Cette bataille, quand bien même elle peut se dérouler d’une façon feutrée, va obliger des pays à choisir leurs «amis» et «alliés» avec doigté, en analysant bien les contraintes de la géopolitique. Israël qui bénéficie d’une certaine «tolérance» de la part de la Russie vient de recevoir une volée de bois vert de la part du ministère des Affaires étrangères russe. Les pays du tiers-monde vont subir de plein fouet les conséquences géopolitiques de la guerre en Ukraine. Les plus faibles souffriront évidemment de la hausse des prix des produits alimentaires et de ceux de l’énergie.

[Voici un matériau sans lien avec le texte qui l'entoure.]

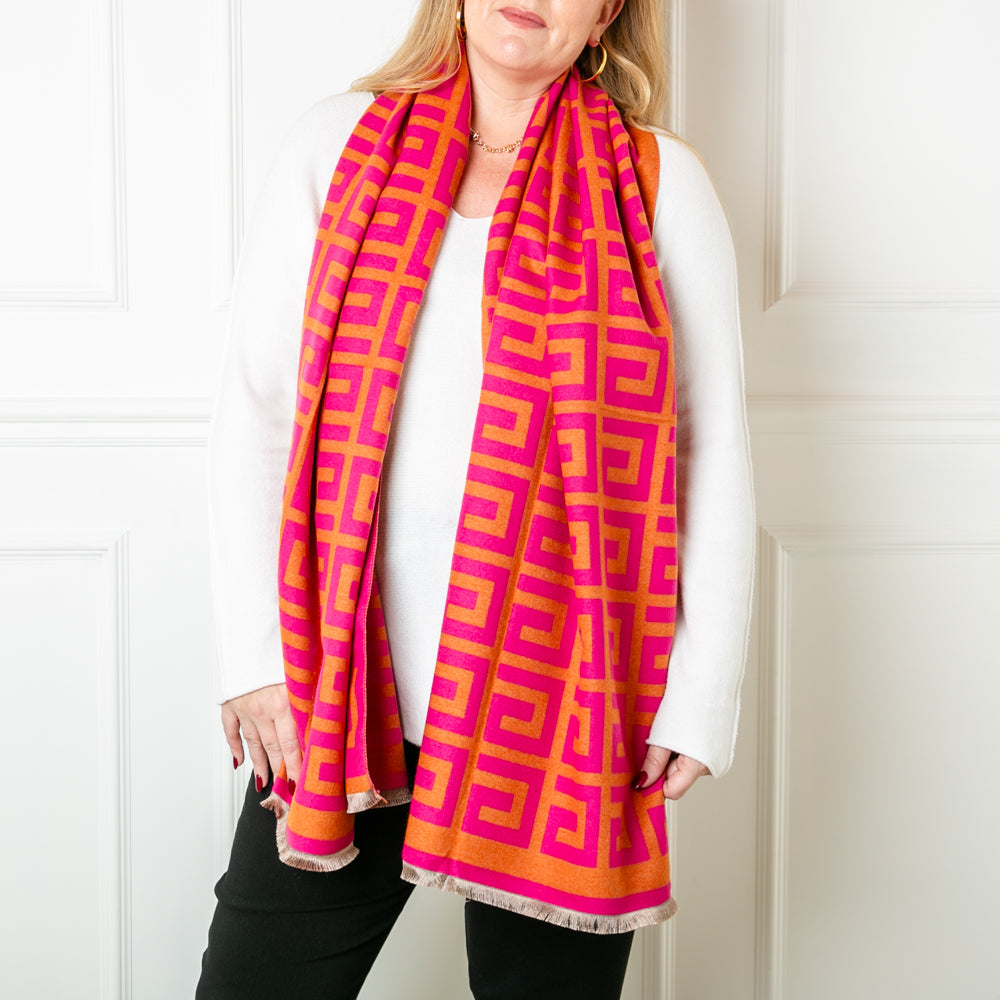 The Libby Pattern Scarf in pink and orange featuring a fun geometric square swirl print pattern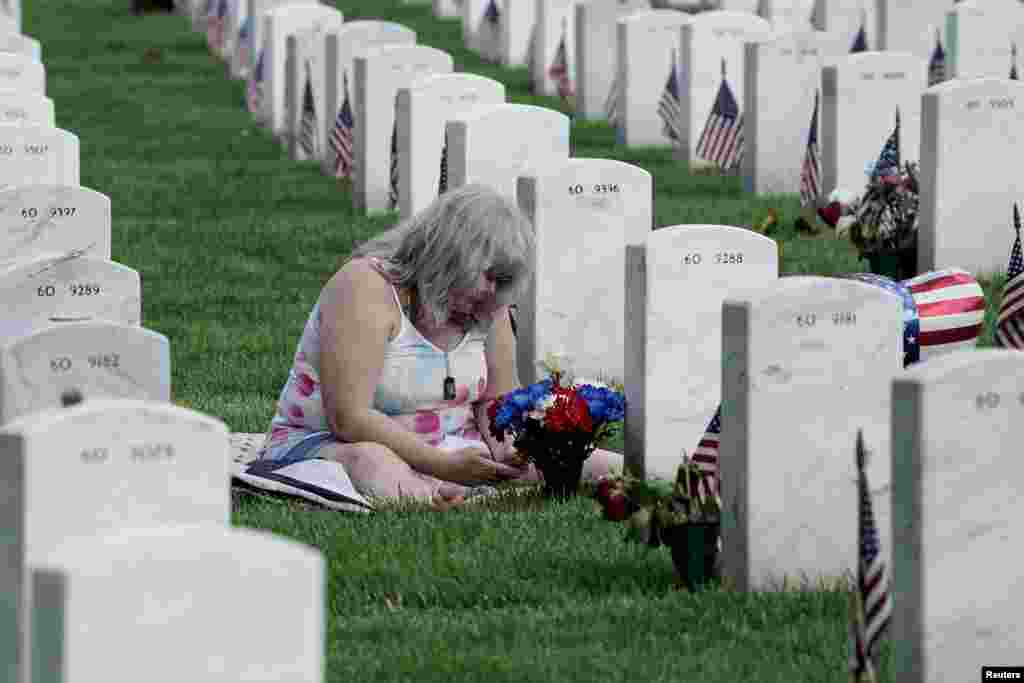 Christine Honeycutt visits the grave site of her son LCPL USMC Terry Edward “TJ” Honeycutt in section 60 at Arlington National Cemetery in Arlington, Virginia, May 29, 2022.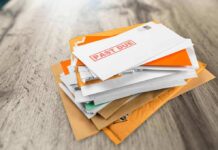 Mailman Betrays Hundreds of People on His Route Stack of mail with past due notice on top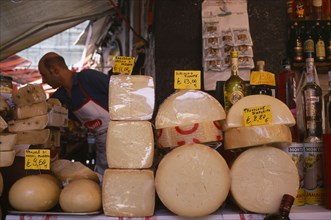 ITALY, Sicily, Catania, Market cheese stall with male stall holder displaying a selection of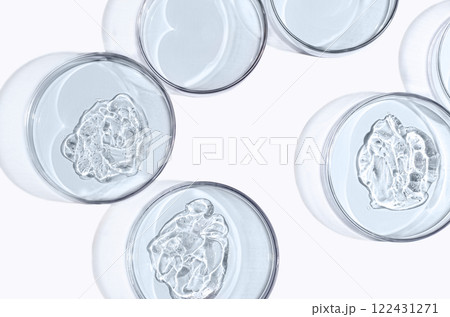 Skin serum or face wash gel in a Petri dish. For cosmetic procedures. White background 122431271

D’ores et déjà, il ne faut pas être devin pour considérer que les régions du Moyen-Orient et du pourtour de la Méditerranée vont être le théâtre de tensions pour des raisons évidentes. Elles sont au carrefour des trois continents, lieux de passage maritime, producteur de gaz/pétrole et consommatrice de blé russe et ukrainien qui s’exportent par la mer Noire. Ne pas oublier qu’à tout moment le détroit des Dardanelles qui débouche sur la Méditerranée peut être sujet à quelque accident ou incident (la Turquie contrôle ce détroit). Il reste à tous ces pays de ces régions de bien négocier leurs atouts géopolitiques et de leurs matières premières pour faire face aux contraintes et menaces qui vont surgir. Il est des contraintes que même la possession d’un matelas d’or ne peut résoudre. Un bateau qui coule dans le canal de Suez ou bien dans le détroit des Dardanelles et voilà des pays sans blé ou pétrole.

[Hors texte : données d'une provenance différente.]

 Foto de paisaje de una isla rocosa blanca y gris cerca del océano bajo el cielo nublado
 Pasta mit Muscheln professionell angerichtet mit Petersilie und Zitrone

Ceci pour dire qu’en matière d’alimentation et santé vaut mieux appliquer l’art de la guerre, qui met l’accent sur la défense comme stratégie. Ce qui veut dire, produire l’essentiel chez soi pour se nourrir, s’habiller et se soigner. Ces sages décisions sont offertes par l’histoire qui enseigne que c’est la seule arme qui fatigue et finit par briser les reins des agresseurs.
A. A.
1- On sait que De Gaulle tenta de revenir à la parité or/franc sans y parvenir et fut obligé de créer le nouveau franc pour se protéger un peu de l’inflation qui rongeait la monnaie française. Il s’opposa aussi à l’entrée de la Grande-Bretagne dans l’Europe car elle était un agent de l’Oncle Sam.

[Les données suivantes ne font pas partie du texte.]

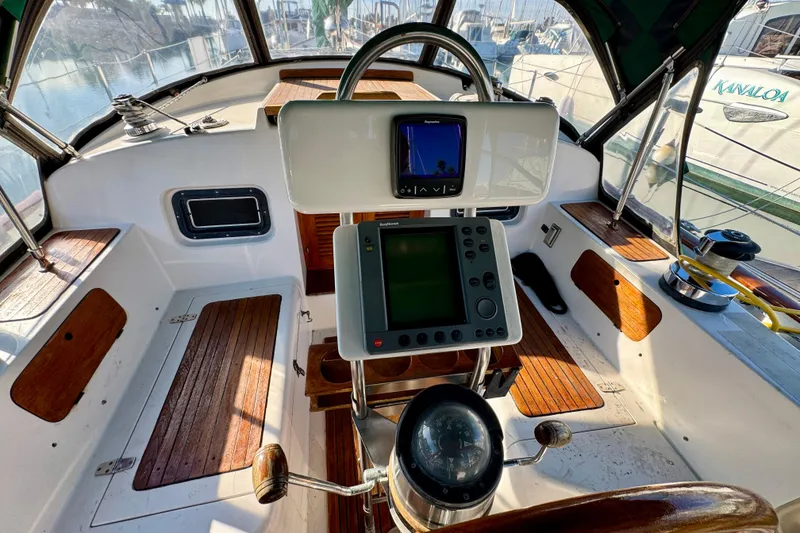 Slide: The Image of Cockpit of 1988 Hans Christian Christina sailboat with navigation equipment and wooden seating. - 28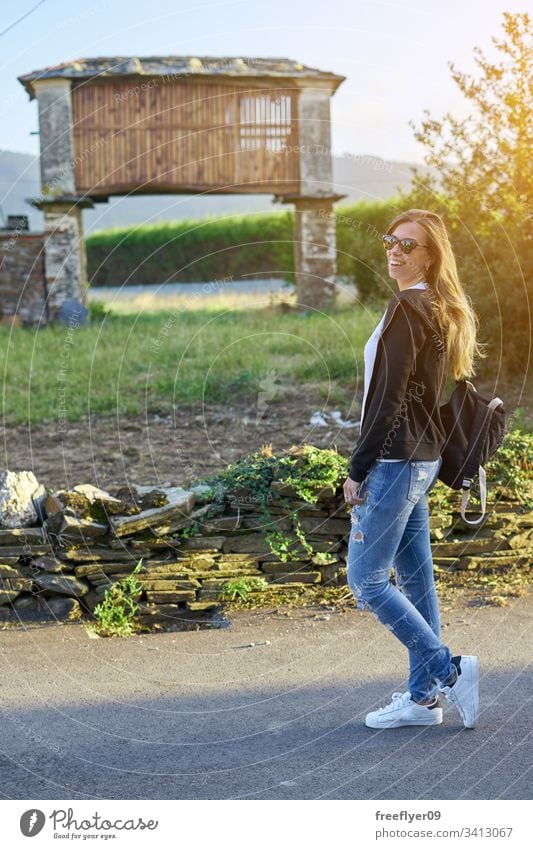 Young woman in front of a typical horreo in Galicia, Spain one 1 galicia galician agriculture old building rural tourism hiking north spaniard heaven roof tile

2- Société de spectacle, notion inventée par Guy Debord, cinéaste/intellectuel, pour dénoncer la marchandisation de tous les secteurs de la vie économique. Les sentiments, la vie privée sont exploités pour en tirer un profit.
3- «Nos» prophètes biberonnés à la métaphysique croient que le temps est une fiction. Il est des langues qui ont saisi sa réalité avec toute sa complexité. La langue arabe, par exemple, utilise deux mots pour désigner le Temps. Wakt qui mesure le temps présent s’écoulant et zaman, le passé, qui est un repère des changements avec le temps qui passe. La langue française passe par le mot nostalgie, qui traduit une douceur du temps passé teintée d’un peu de tristesse.
4- L’argent fétiche est une critique de Marx contre les «imbéciles» qui attribuent à la monnaie une valeur sans tenir compte si elle comporte ou contient la valeur du travail social nécessaire à la production de tout objet/marchandise. En se libérant de cette contrainte, les «génies» de la finance se permettent de créer de la monnaie qui flotte dans une bulle qui éclate au moindre coup de vent, d’où les crises cycliques qui se produisent dans la sphère financière.